The following table gives values for $\theta_j, \phi_j, a_j$ and $b_j$ for $0 \le j \le 4$

| *j*  | $\theta_j$ | $\phi_j$ | $a_j$ | $b_j$ | comment |
| ---- | ---- | ---- | ---- | ---- | ---- |
| 0 | ab | (empty) | 1 | 2 | (Remove ab and goto 1, or goto 2) |
| 1 | (empty) | c | 0 | 0 | (add c to left end and goto 0) |
| 2 | a | b | 2 | 3 | replace(a, b) |
| 3 | c | a | 3 | 4 | replace(c, a) |
| 4 | b | b | 0 | 5 | if there are more b's, goto 0, else end |



##### 1.1.9
**Suppose C1 and C2 are comuptational methods, where C1 might stand for the algorithm E and C2 stands for its computer implementation. Formulate a set-theoretic definition of the concept "C2 is a representation of C1", or "C2 simulates C1"**

**We thereby obtain a rigorous interpretation of the statement "Program X is an implementation of the Algorithm Y"**

Having little formal training is set-theory and almost no idea of what a "set-theoretic" definition might look like... I am going to answer this in pretty layman way.

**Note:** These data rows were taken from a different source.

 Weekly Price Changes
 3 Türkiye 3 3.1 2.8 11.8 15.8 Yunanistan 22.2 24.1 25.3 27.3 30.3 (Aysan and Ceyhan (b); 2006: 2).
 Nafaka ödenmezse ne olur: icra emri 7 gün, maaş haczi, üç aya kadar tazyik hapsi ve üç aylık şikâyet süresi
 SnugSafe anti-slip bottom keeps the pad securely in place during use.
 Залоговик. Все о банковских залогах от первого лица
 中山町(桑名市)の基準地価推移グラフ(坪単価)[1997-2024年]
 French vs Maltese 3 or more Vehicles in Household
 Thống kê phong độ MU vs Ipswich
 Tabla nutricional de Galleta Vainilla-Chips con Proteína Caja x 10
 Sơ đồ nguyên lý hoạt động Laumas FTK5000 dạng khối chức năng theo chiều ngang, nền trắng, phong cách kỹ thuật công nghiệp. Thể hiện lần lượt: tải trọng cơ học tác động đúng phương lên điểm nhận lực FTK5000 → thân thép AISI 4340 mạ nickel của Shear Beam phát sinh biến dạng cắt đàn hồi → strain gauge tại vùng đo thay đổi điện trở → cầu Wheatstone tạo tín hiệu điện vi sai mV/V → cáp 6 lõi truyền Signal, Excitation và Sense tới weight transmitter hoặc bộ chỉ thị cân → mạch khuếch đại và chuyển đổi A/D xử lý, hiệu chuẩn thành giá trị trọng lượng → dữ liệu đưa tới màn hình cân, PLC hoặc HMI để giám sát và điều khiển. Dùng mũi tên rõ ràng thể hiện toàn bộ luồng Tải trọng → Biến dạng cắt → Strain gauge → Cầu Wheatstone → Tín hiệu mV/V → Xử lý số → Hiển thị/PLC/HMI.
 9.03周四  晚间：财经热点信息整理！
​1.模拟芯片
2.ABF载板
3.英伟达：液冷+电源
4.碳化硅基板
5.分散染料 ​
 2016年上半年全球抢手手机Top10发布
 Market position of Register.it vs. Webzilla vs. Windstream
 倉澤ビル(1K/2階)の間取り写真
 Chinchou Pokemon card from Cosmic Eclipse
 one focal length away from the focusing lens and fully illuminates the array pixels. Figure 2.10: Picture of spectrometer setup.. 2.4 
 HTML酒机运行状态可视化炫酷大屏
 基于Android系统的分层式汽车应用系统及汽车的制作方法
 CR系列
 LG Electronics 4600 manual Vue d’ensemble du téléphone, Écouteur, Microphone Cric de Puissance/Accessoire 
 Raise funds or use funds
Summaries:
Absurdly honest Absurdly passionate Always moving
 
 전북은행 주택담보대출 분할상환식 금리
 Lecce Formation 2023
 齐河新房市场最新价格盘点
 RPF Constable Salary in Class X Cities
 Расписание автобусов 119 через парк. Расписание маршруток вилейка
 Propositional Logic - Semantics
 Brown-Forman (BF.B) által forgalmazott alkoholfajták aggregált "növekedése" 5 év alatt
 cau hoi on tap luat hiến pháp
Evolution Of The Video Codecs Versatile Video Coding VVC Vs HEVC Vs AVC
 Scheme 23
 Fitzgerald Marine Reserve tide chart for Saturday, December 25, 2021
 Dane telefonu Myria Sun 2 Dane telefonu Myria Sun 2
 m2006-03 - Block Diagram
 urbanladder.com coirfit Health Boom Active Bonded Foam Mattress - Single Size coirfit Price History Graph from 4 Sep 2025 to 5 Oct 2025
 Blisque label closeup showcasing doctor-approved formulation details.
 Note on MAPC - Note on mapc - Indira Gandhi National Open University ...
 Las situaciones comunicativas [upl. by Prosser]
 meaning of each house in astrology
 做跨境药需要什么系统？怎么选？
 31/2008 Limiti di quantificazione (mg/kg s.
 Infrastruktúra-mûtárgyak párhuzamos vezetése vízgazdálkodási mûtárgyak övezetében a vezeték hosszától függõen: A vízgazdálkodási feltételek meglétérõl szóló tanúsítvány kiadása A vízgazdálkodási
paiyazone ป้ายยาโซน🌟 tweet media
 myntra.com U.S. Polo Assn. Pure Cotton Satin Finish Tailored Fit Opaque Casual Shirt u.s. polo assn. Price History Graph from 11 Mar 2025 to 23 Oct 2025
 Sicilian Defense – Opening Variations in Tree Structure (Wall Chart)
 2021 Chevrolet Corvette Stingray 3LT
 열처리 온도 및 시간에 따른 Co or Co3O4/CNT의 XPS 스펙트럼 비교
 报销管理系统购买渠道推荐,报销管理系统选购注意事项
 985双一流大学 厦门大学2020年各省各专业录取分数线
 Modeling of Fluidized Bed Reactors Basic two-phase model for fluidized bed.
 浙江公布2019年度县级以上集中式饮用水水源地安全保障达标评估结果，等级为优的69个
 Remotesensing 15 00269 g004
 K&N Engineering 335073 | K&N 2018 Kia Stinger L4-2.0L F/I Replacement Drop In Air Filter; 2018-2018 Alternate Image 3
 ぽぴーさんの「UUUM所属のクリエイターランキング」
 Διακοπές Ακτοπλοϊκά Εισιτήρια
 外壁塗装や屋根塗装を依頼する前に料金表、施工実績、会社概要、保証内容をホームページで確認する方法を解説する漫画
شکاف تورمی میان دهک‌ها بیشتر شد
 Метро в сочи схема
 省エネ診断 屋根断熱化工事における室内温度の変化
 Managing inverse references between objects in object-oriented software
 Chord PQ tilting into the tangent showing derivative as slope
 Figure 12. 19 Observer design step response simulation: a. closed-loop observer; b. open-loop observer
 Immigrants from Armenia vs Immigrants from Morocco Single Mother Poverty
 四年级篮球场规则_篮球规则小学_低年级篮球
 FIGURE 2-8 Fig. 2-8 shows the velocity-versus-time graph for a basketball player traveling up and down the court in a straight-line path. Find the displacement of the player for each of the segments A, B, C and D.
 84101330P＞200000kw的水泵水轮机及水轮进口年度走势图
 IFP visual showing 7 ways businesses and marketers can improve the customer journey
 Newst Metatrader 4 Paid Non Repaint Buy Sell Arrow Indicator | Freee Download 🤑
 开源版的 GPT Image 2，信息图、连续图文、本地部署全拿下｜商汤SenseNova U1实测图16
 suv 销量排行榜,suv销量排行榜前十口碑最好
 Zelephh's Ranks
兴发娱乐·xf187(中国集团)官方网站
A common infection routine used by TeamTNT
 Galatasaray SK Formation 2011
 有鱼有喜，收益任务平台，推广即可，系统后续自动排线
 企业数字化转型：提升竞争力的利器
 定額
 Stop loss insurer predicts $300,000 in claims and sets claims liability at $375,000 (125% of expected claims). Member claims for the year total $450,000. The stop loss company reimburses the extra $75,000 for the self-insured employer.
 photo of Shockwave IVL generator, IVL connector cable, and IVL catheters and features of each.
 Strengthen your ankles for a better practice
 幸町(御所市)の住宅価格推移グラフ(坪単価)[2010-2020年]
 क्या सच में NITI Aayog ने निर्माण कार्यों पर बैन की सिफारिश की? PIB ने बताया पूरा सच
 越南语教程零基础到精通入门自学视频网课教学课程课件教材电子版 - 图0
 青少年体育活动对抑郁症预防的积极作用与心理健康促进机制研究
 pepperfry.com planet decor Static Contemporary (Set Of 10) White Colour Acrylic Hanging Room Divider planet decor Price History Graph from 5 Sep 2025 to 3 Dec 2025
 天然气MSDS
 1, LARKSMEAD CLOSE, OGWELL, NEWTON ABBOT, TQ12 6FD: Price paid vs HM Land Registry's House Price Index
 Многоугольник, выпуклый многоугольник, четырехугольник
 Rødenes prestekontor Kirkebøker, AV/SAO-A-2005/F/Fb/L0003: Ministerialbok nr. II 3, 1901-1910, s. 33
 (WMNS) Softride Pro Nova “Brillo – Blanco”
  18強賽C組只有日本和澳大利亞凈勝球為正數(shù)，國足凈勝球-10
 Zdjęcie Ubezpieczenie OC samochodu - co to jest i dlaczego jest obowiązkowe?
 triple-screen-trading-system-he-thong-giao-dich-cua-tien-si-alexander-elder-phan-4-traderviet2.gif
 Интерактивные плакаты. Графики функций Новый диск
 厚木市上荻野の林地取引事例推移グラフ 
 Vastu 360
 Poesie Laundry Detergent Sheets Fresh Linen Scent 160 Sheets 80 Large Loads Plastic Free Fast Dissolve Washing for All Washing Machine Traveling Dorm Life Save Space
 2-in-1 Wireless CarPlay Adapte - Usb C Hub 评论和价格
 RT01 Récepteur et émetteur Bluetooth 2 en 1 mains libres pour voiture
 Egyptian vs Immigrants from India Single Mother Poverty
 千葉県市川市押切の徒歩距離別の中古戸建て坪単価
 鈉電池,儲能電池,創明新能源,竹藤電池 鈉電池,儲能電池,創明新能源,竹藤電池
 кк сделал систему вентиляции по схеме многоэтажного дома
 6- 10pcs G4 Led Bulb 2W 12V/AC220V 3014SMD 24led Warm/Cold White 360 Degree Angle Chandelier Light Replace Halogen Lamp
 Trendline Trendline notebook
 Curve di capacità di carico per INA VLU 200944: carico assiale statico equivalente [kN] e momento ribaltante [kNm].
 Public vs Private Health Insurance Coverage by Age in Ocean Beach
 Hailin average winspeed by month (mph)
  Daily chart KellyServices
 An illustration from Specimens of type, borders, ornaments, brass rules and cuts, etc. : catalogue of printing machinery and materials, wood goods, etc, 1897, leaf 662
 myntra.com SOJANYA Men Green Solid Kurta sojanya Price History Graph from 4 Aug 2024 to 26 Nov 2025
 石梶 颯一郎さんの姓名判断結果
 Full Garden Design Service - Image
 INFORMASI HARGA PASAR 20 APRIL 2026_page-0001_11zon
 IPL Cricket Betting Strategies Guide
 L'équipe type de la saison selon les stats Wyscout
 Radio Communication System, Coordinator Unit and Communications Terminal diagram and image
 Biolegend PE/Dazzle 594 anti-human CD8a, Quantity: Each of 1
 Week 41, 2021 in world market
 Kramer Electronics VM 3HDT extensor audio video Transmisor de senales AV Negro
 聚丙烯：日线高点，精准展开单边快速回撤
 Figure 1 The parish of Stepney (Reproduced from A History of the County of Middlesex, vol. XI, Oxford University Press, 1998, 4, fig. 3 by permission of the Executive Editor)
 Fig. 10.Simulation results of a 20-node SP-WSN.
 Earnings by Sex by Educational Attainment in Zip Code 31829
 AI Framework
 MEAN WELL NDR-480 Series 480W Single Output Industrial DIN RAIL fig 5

Program C2 can be said to simulate Algorithm C1, if, for all reasonable inputs $a \in A$ and outputs $b \in B$, C2(a) = b iff C1(a) = b. We are using a form of C1 and C2 which look like functions. Also, by "reasonable inputs and outputs", I mean that the computer carrying out C2 must be capable of handling the inputs, outputs and all intermediate calculations.


In other words, if identical inputs produce identical outputs for all reasonable inputs to C1 
and C2, then C2 is an implementation of C1.